**Exercise instructions:**
Filter the data for "says" and copy matching lines.

**Data records:**
-*-*-

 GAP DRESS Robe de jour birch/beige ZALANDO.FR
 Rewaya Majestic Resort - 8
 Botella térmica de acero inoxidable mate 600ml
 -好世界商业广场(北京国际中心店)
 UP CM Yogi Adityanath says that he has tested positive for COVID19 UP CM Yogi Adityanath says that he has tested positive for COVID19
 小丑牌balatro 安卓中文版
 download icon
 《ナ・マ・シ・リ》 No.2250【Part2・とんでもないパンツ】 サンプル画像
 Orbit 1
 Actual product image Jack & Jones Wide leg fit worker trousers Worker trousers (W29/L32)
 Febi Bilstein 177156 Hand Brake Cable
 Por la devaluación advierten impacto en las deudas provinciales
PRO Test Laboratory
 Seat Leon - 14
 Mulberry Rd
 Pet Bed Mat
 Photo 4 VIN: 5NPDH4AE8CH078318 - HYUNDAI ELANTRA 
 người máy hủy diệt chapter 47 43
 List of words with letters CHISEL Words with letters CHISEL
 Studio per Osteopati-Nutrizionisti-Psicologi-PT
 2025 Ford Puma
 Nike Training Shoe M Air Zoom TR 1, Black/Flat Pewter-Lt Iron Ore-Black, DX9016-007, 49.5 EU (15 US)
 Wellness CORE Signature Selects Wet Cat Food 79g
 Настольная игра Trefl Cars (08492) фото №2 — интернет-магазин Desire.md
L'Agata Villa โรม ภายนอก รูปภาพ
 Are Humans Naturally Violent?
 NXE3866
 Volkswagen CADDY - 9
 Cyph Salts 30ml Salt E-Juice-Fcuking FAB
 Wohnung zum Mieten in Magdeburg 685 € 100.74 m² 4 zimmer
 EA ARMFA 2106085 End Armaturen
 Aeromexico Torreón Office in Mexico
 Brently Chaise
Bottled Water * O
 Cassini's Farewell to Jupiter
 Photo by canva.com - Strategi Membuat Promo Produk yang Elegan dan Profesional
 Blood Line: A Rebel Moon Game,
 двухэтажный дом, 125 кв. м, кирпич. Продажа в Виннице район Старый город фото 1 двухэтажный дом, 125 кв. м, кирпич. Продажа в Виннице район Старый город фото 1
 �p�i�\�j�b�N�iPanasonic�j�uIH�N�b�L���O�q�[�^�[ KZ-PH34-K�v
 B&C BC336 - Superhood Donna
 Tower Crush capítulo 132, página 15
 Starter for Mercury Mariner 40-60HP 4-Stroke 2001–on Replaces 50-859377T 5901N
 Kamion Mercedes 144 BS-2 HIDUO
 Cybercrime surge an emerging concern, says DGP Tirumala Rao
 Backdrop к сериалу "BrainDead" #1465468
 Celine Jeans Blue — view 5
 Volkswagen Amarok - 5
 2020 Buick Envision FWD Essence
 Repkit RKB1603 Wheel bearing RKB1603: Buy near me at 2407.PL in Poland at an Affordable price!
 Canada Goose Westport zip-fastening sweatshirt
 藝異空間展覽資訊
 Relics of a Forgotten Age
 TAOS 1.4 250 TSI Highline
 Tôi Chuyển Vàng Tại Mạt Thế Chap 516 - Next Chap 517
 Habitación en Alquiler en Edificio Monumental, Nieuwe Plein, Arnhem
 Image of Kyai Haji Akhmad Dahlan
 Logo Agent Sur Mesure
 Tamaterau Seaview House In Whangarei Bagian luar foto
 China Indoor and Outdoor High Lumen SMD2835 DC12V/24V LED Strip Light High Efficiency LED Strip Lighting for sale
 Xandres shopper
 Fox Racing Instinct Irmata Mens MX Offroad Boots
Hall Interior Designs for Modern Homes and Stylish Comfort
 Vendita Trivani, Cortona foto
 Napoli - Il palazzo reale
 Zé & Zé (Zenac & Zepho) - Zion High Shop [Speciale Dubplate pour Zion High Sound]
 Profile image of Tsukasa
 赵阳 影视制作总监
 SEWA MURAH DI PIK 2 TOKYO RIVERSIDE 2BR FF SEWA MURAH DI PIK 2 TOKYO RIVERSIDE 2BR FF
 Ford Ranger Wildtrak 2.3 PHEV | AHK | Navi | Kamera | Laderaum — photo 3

-*-*-

**Exercise response:**
 UP CM Yogi Adityanath says that he has tested positive for COVID19 UP CM Yogi Adityanath says that he has tested positive for COVID19
 Cybercrime surge an emerging concern, says DGP Tirumala Rao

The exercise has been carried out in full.